* [What to produce] Using the listing below, set down exactly the lines from the one that contains "Lampa Led Laser Lumini Puternice Digitale" through the one that contains "Baby Stuffed Animal", with no pictures.

* [Records provided]
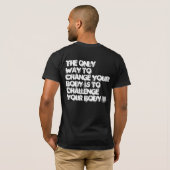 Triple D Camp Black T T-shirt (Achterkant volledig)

---

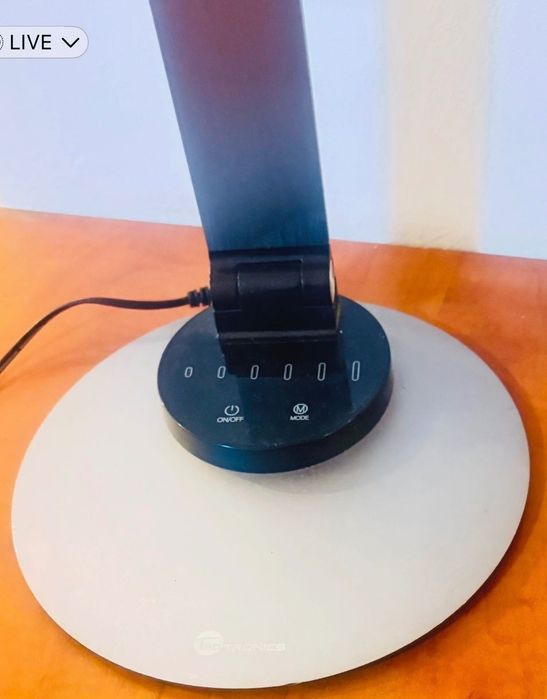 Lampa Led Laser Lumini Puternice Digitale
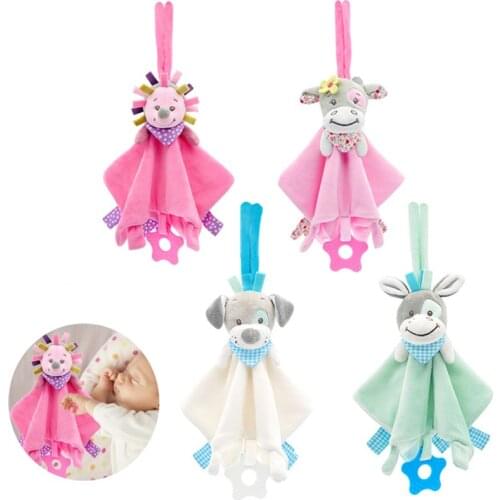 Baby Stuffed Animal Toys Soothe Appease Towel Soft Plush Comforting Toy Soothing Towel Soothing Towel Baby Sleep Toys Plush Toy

* [Response area]
 Lampa Led Laser Lumini Puternice Digitale
 Baby Stuffed Animal Toys Soothe Appease Towel Soft Plush Comforting Toy Soothing Towel Soothing Towel Baby Sleep Toys Plush Toy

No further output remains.